A Post Office-Turned-Art School in Portland, Oregon

  • By: Cheryl Weber
  • Photography: Mario Gallucci

This past December, Preservation magazine Managing Editor Meghan Drueding attended an event at the Pacific Northwest College of Art in Portland, Oregon. She was so impressed with the school's adaptive reuse of a historic post office building that we decided to re-publish and update Cheryl Weber's print-only magazine story from our Spring 2015 issue here.

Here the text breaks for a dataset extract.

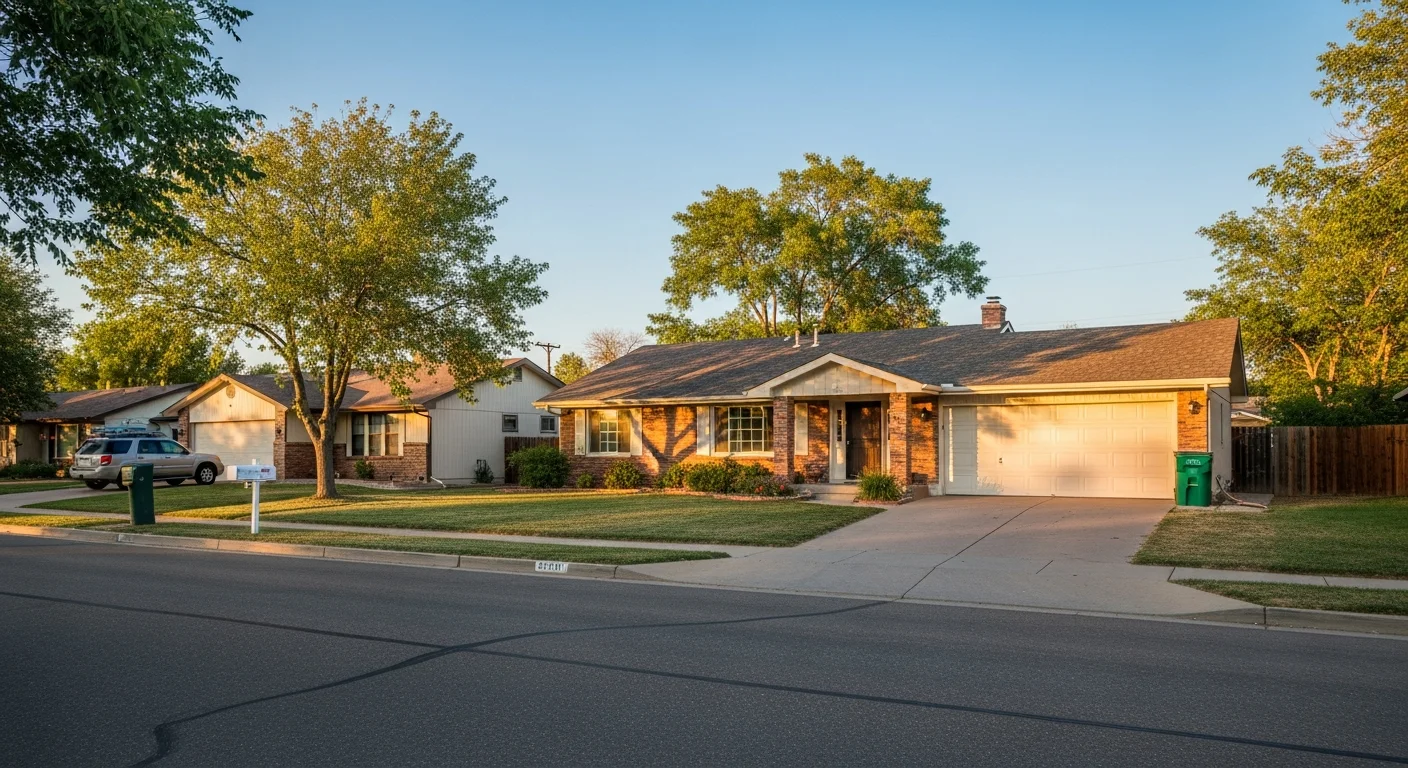 Residential street in Lakewood with tree-lined homes and driveways, showing typical suburban neighborhood layout.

The venerable 511 Federal Building in Portland, Oregon, has started its third act. Designed in 1916 by Lewis Parsons Hobart as a grand central post office, the 134,000-square-foot building reopened early in 2015 as the Arlene and Harold Schnitzer Center for Art and Design at the Pacific Northwest College of Art (PNCA).

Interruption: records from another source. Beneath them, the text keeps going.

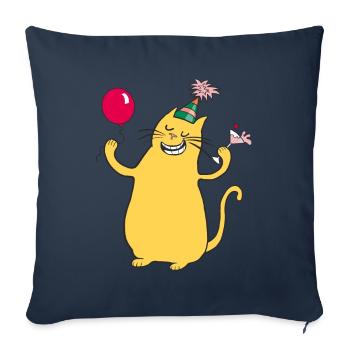 Chat de fête - Housse de coussin décorative 45 x 45 cm - bleu marine - Devant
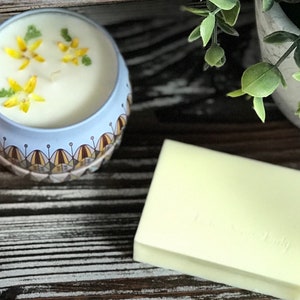 Lemon Candle & Shea Soap Gift Box, Lemon Soy Wax Candle and Shea Butter Hand Soap, Unique Gift Ideas, One of a Kind Gifts image 2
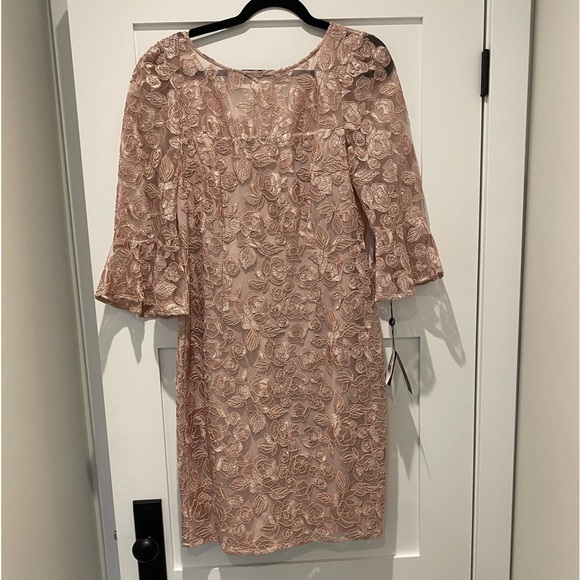 Adrianna Papell formal midi dress, Size 12, Dusty Rose - Picture 2 of 5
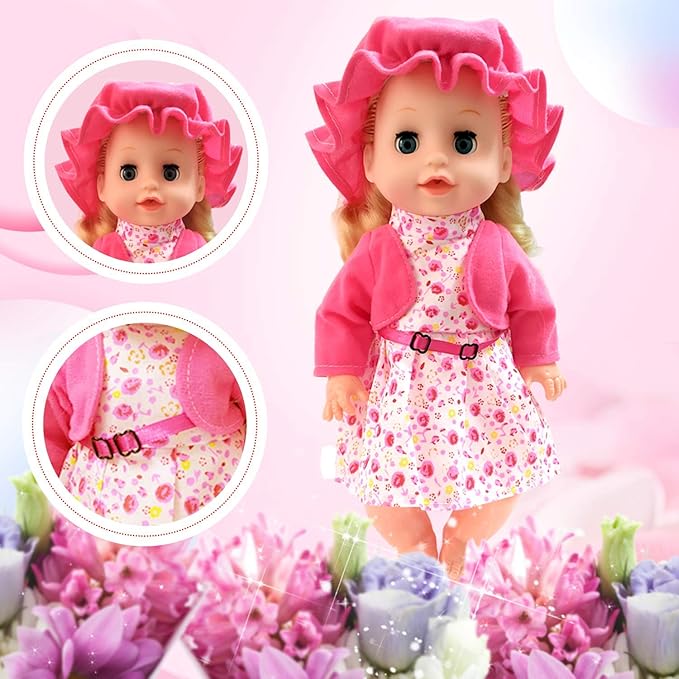 ARTST Doll Clothes,12 inch Baby Doll Clothes[6 Sets](Include 4 Hats + 1 Bowknot ) for 10/11/12 inch Baby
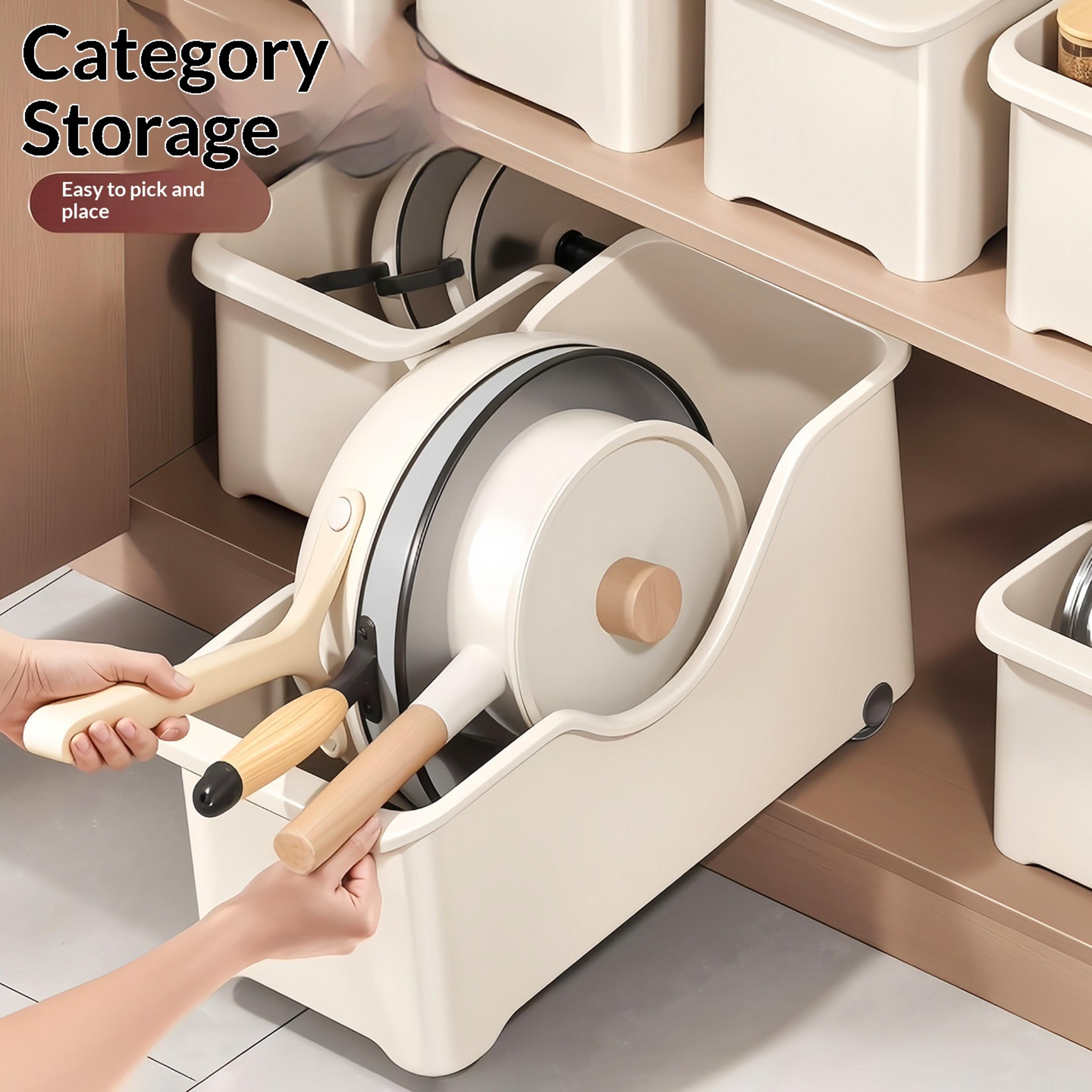 Rolling Storage Box With Wheels Kitchen Cabinet Organizer For Pots Lids Spices 0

Ann Payne Edlen Creative Corridor

photo by: Mario Gallucci

The historic Ann Payne Edlen Creative Corridor, with new mezzanine levels in the background.

Architect Brad Cloepfil of Allied Works Architects preserved key historic features that had been covered up after the post office moved out, including an enormous atrium, 39 arched first-floor windows, and a grand corridor with marble-lined walls and Neoclassical ceiling flourishes.

Federal government offices had occupied the building since the 1960s, and parts of it were shrouded in secrecy, says Gus Baum, senior director of planning and innovation at PNCA. “Large HVAC ductwork systems covered all the sawtooth transom windows, and dark rooms were built into the middle of light-filled spaces,” he says.

Interior Ceiling Detail

photo by: Mario Gallucci

A restored ceiling detail from the original building.

Constructed on the heels of the 1906 San Francisco earthquake, the 511 is one of Portland's first steel-frame buildings. The $33 million PNCA project restored the limestone exterior and the grand hall, which now opens to an airy main atrium and performance court. It also added 9,000 square feet on mezzanine levels and incorporated spaces for art exhibits and public lectures, plus classrooms, production facilities, and a library.

“You can see that the Italian Renaissance building was designed when electricity was expensive, so the building is full of natural light,” Baum says. “It’s perfect for an art college.”